Monday, July 28, 2008
merrill marks to market?
dismiss no more -- merrill is selling $30.6bn worth of super-senior CDOs for $6.7bn to lone star. and how bad did they need to sell the stuff?
Merrill Lynch will provide financing to the purchaser for approximately 75% of the purchase price. The recourse on this loan will be limited to the assets of the purchaser. The purchaser will not own any assets other than those sold pursuant to this transaction.
in other words, merrill is still on the hook for something like $5bn when eventually the assets are marked not to 21 cents on the dollar but zero.
to help offset the massive hit of this desperate sale, merrill will dilute their shareholders, with the considerable multiplier of the ratchet provision of the earlier capital raising from temasek. via bloomberg:
Merrill may sell as much as 356.5 million shares in the offering, the firm said today in a presentation for potential buyers. That represents a 36 percent increase over the number outstanding at the end of June. The price of the new shares will be set tomorrow, according to the presentation.
as one can tell by lone star's ability and desire to get merrill to finance the transaction to a bankruptcy-remote entity, merrill is panicked and the CDOs are worth nothing like $7bn. lone star's actual stake in the venture looks a lot closer to 5 cents on the dollar.
in other words, national australia bank's marks are in fact where we're headed -- this ride, rough as it has been, is about to get a whole hell of a lot faster and scarier. color yves smith disillusioned.

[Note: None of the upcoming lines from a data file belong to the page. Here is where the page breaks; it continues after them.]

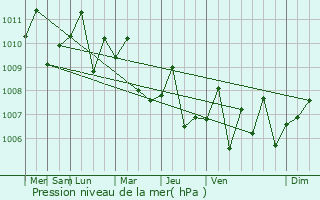 Graphe de la pression atmosphrique prvue pour Cam Ranh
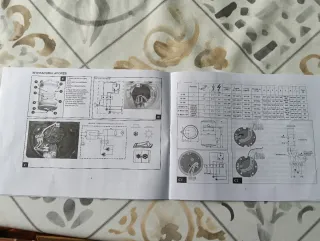 Termo Eléctrico CABEL Vertical 100L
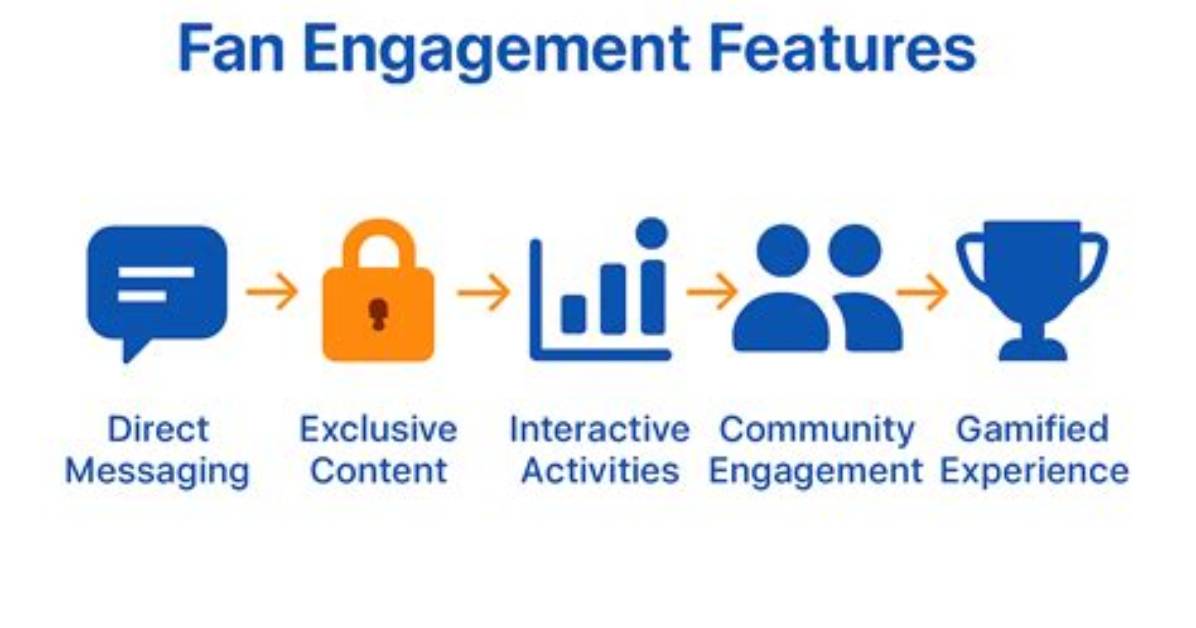 Exclusive Content, Fan Interactions, and Financial Success
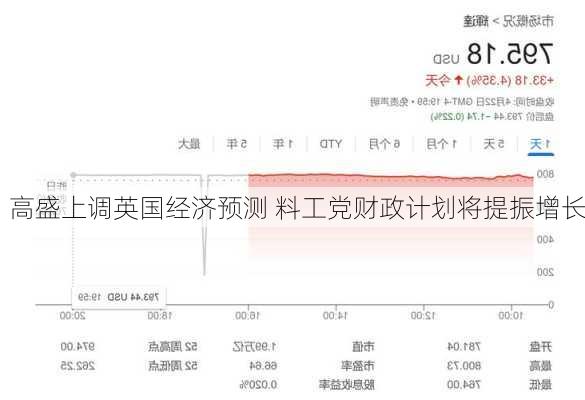 高盛上调英国经济预测 料工党财政计划将提振增长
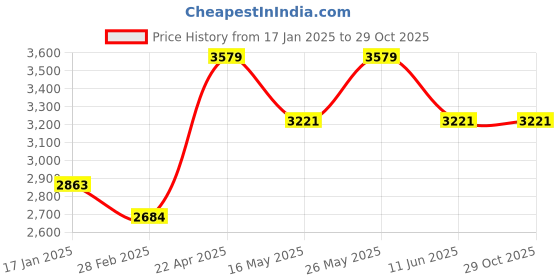 tatacliq.com Monte Carlo Red Polyester 600 GSM Winter Blanket monte carlo Price History Graph from 17 Jan 2025 to 29 Oct 2025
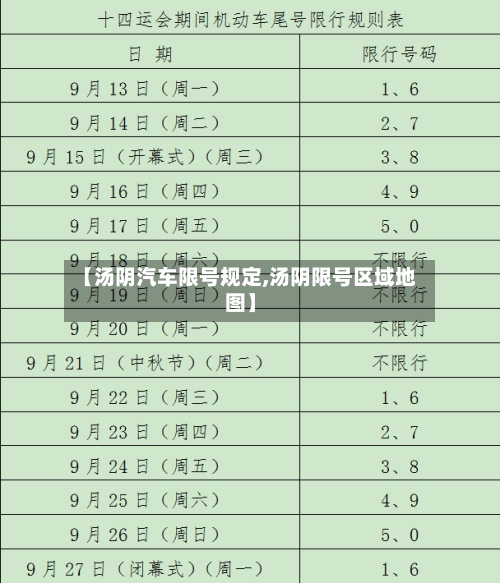 【汤阴汽车限号规定,汤阴限号区域地图】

Read that twice. 22 cents on the dollar, and that with 75% financing. So the real price is lower or zero. Take your pick. And the urban legend in finance land (and I was a believer till just now) was that subprime paper had been marked down pretty well, but Alt-A and Option ARM still has a way to go.
a lot of people are just goddamn plain broke at these price levels. wall street is taking some bounding steps toward fulfilling the worst expectations of us all.
UPDATE: the NAB and merrill writeoffs are linked, says yves smith -- but with merrill's valuations spurring NAB's, not the other (and chronologically announced) way around.
The National Australia Bank's shock write-down of $830 million worth of collaterallised debt obligations (CDOs) can now be explained.
It was triggered by a move from struggling US investment bank Merrill Lynch to get rid of billions worth of CDOs in which the NAB was a co-investor.
Merrill's took a decision to sell the CDOs at a written-down value and the NAB had no option but to follow suit. Its larger write-down than Merrill Lynch (90% vs. 78%) reflects its lower ranking of security.